• _RECORDS FOR THE EXERCISE_

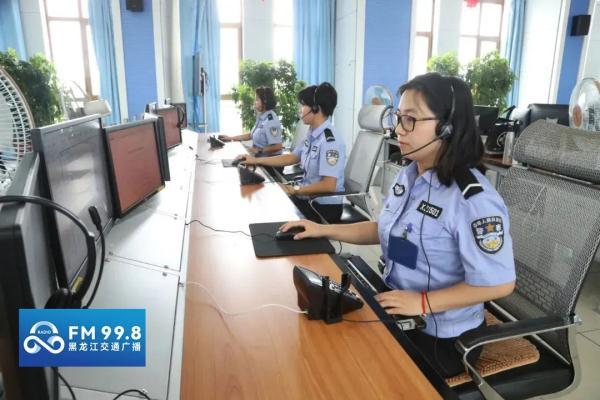 呼叫转移来电是什么意思，呼叫转移是什么意思（竟因客服设置呼叫转移）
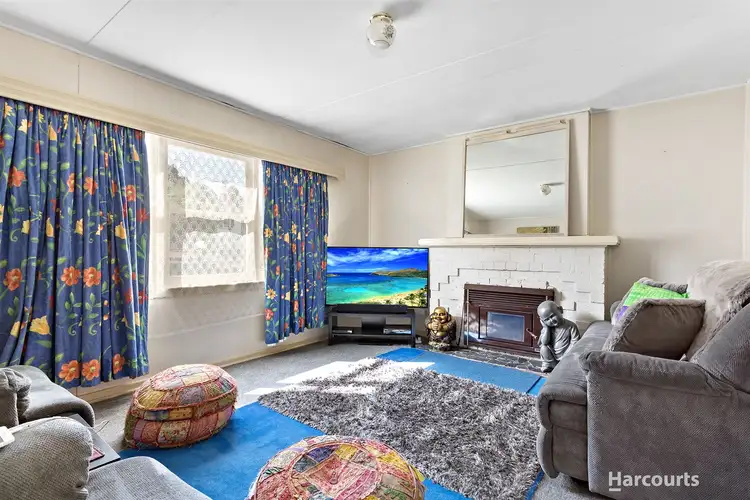 Third view of Homely house listing, 39 Tasman Highway, Waverley TAS 7250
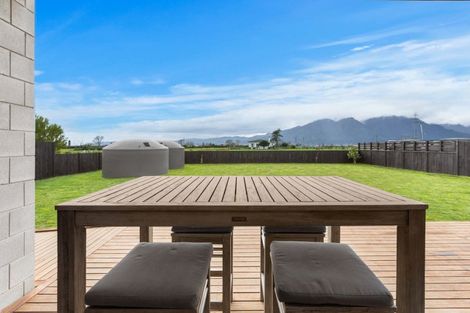 Photo of property in 33 Second Avenue, Waihou, Te Aroha, 3393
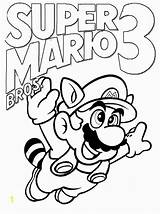 Mario Coloring Pages 64 Clipart Super Divyajanani sketch template
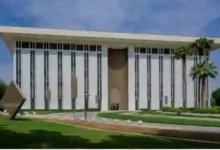 البنك المركزي السعودي: إعفاء عاجل للعملاء الأفراد من مبالغ مالية جديدة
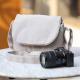 Сумка Ulanzi Vijim Light weight Single-shoulder bag (B011 F01) (B011)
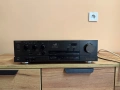 Technics class AA, снимка 2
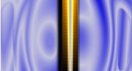 sword05.jpg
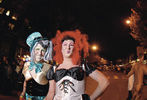 The 23rd Annual 17th Street High Heel Race #63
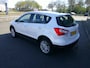 Suzuki S-Cross SX4 1.6 DDiS Comfort Unieke auto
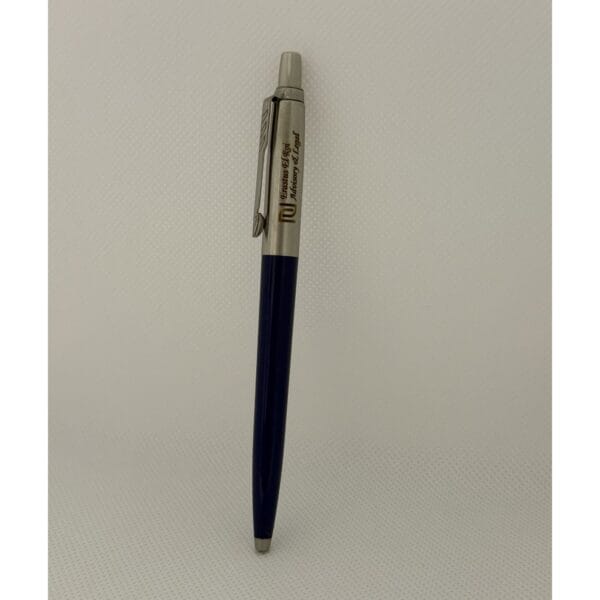 Elegant Ballpoint Pen Parker - Image 4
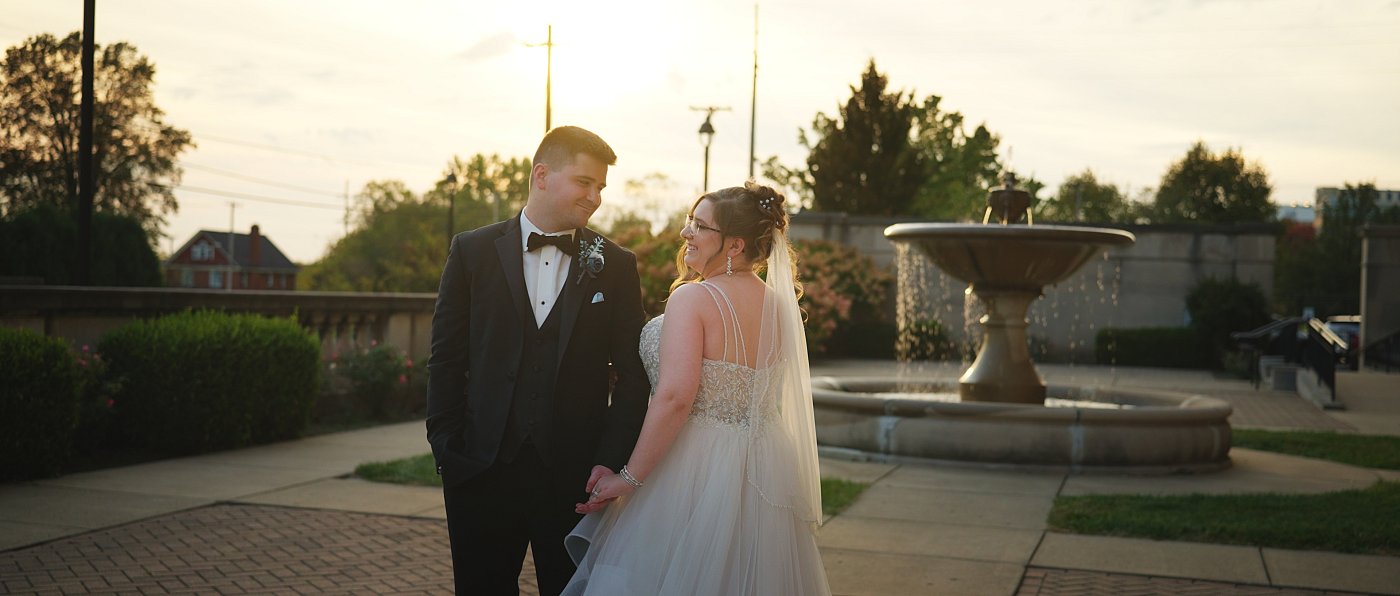 Still 2025-12-15 214011_1.179.1.jpg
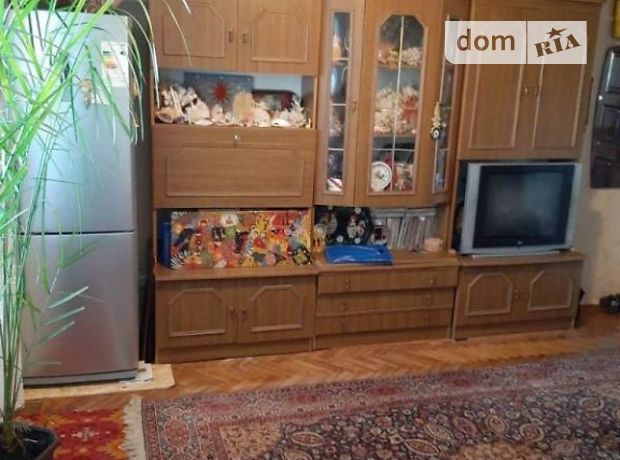 Продажа однокомнатной квартиры в Одессе, на ул. Косвенная район Молдаванка фото 1 Продажа однокомнатной квартиры в Одессе, на ул. Косвенная район Молдаванка фото 1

• _TASK PROMPT_
The expected output is the lines above from the one containing "Third view of" to the one containing "البنك المركزي السعودي: إعفاء", both ends included, reproduced exactly with every picture left out.

• _RESULT OF THE EXERCISE_
 Third view of Homely house listing, 39 Tasman Highway, Waverley TAS 7250
 Photo of property in 33 Second Avenue, Waihou, Te Aroha, 3393
 Mario Coloring Pages 64 Clipart Super Divyajanani sketch template
 البنك المركزي السعودي: إعفاء عاجل للعملاء الأفراد من مبالغ مالية جديدة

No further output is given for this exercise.